UK Prime Minister Truss tells allies to stand firm on Ukraine


LONDON: British Prime Minister Liz Truss has said allies should stand firm on Ukraine and ignore Russian President Vladimir Putin’s “slashings”.

Truss, who met US President Joe Biden and France’s Emmanuel Macron on his first foreign trip as prime minister to New York last week, in an interview with CNN called on like-minded democracies to be firm against “autocratic regimes”.

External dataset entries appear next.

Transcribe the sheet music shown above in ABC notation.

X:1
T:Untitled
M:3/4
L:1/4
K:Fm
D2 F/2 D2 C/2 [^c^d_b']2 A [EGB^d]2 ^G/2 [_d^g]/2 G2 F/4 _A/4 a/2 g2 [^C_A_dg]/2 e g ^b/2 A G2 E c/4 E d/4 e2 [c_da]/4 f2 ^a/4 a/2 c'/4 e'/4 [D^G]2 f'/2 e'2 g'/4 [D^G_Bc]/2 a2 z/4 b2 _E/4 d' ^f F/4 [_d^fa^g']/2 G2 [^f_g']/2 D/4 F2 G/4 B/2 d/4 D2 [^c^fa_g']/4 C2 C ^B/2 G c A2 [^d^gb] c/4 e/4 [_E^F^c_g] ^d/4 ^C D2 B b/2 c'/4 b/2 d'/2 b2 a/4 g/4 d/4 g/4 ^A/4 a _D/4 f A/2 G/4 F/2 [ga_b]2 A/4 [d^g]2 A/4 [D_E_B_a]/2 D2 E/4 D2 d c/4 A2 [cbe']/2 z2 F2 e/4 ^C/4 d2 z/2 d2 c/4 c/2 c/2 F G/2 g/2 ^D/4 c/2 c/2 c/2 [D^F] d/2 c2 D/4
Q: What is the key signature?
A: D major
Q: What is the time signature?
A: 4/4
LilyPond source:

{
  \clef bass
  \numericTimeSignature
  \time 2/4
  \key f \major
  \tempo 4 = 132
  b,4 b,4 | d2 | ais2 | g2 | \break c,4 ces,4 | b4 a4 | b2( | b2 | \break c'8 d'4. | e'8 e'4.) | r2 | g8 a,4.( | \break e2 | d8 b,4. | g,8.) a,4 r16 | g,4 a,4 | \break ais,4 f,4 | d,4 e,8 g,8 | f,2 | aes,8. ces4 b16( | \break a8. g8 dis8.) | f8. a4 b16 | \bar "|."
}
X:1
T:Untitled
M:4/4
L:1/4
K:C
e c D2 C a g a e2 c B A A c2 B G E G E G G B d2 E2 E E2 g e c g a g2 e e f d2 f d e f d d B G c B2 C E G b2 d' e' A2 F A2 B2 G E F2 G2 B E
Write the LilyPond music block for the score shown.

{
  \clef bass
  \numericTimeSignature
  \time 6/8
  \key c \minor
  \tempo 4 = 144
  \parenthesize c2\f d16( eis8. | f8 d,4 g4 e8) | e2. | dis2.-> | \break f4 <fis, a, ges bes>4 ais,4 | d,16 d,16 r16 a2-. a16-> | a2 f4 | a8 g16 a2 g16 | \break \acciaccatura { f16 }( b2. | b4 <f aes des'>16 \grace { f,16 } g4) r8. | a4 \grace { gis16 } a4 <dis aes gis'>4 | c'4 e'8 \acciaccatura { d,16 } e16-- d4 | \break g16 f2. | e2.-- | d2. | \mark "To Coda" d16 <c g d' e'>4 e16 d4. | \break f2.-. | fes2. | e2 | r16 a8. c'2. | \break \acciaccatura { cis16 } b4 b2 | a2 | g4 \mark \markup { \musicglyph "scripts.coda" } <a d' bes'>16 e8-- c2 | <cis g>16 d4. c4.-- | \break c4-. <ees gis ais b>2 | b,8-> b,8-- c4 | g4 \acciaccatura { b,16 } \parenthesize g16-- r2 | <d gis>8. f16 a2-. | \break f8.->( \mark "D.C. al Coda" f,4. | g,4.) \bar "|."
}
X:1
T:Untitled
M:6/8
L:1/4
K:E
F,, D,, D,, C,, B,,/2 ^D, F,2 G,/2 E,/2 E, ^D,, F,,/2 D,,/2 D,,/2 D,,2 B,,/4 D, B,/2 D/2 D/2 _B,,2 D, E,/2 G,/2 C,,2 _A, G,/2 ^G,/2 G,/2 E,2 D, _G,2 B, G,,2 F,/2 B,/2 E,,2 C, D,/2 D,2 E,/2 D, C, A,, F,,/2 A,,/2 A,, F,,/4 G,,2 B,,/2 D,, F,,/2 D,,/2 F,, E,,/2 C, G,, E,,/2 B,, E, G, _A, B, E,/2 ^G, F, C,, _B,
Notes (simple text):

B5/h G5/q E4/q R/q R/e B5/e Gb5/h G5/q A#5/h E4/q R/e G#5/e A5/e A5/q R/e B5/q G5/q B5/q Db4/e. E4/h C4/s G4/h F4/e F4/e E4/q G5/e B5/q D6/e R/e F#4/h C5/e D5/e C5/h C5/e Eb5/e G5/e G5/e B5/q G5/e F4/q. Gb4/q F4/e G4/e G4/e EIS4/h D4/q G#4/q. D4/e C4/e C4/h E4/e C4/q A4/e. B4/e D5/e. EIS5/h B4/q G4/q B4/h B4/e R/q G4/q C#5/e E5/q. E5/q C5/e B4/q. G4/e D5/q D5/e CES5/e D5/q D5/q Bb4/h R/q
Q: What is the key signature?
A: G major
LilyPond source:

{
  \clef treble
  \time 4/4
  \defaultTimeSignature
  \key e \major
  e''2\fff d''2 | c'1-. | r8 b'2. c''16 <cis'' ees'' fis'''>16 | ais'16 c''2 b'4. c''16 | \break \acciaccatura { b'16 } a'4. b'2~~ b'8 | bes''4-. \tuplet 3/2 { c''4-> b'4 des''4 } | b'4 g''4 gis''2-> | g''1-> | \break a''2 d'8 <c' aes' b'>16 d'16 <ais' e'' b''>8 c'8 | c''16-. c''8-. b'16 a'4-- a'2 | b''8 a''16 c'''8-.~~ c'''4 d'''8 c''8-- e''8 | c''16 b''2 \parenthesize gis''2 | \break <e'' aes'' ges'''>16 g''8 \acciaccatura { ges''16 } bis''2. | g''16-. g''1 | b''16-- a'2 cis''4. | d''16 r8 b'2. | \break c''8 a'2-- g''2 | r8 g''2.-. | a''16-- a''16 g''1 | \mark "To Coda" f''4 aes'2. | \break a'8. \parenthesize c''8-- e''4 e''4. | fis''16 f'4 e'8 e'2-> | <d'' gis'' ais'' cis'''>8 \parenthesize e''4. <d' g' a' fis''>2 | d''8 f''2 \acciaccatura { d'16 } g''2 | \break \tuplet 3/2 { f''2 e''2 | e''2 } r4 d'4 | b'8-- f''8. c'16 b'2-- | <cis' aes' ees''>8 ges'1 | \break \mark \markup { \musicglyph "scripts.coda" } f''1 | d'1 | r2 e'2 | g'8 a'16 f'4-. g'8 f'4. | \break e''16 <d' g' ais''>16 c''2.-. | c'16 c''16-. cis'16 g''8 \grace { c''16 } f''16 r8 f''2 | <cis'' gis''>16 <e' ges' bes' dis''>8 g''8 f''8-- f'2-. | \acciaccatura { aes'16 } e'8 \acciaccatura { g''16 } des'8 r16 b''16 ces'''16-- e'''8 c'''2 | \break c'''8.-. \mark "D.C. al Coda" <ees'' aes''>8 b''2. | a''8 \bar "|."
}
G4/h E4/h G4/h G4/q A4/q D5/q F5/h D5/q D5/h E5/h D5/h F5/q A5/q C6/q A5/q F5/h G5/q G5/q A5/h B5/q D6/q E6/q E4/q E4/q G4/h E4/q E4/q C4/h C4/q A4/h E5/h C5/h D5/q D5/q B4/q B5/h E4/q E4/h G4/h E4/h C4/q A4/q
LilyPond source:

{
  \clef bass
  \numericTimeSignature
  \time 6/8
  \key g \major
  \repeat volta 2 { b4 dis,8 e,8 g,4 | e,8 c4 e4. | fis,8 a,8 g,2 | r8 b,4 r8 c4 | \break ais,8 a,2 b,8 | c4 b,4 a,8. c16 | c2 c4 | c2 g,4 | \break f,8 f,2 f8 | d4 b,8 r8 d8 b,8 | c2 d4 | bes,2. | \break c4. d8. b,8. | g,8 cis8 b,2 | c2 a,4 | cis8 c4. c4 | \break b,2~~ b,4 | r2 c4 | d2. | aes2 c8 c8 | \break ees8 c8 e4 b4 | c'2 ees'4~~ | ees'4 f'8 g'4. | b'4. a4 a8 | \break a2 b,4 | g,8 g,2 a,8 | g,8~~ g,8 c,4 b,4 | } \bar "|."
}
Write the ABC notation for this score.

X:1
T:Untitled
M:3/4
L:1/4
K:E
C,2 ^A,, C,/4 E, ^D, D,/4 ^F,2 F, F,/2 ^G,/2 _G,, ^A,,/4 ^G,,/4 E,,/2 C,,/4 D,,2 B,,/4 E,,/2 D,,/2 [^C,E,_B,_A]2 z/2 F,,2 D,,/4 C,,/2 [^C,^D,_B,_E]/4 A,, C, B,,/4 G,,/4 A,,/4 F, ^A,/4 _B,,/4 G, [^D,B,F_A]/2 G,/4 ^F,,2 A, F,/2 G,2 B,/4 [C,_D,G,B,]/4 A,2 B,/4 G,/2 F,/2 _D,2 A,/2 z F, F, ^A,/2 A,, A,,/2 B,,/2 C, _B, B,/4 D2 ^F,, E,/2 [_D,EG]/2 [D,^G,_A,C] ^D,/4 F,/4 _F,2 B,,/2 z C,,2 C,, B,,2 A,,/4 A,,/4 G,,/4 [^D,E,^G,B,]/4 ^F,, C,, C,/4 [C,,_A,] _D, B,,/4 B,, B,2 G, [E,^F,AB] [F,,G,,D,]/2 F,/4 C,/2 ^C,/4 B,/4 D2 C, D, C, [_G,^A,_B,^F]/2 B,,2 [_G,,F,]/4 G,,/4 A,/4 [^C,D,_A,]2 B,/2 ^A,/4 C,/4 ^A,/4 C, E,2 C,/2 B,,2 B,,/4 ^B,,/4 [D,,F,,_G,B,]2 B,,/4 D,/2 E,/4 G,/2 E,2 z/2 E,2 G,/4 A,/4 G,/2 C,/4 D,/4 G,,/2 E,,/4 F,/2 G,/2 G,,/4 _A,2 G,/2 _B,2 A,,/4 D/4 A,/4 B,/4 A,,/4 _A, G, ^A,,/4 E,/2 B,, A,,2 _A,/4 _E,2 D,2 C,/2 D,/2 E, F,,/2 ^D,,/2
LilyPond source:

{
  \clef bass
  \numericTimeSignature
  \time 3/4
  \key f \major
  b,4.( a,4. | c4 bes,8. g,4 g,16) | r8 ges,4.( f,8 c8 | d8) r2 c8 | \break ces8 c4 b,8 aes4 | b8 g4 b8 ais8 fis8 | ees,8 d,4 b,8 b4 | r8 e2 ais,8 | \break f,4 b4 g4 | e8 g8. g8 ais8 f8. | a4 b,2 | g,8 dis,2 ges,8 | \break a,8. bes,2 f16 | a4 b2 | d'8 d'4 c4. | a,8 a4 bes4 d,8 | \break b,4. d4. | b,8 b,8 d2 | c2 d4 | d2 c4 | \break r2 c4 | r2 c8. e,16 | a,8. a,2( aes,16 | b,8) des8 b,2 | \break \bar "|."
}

Putin last week ordered a partial mobilization of troops and raised the possibility of a nuclear conflict. Truss said Putin was stepping up his invasion of Ukraine because he was not winning and had made a strategic mistake.

“I think he hadn’t anticipated the reaction force of the free world,” Truss said in the interview that aired Sunday.

“We shouldn’t listen to his slashes and fake threats. Instead, what we need to do is keep imposing sanctions on Russia and keep supporting the Ukrainians.”

Truss, who became prime minister earlier this month, pledged to increase defense spending to 3% of Britain’s GDP. Defense Minister Ben Wallace told the Sunday Telegraph newspaper that this represents an annual defense budget of around £100bn ($108.56bn) by 2030, around double the actual level.

Truss has taken a hard line against Russia and China, but has also been at odds with some traditional allies, particularly in Europe and the United States, over post-Brexit trade deals with the European Union.

She said she still wanted a negotiated solution on the so-called Northern Ireland Protocol, that she and Biden had agreed that peace in the province must be preserved, and that she still believed in the “relationship special” between Great Britain and the United States.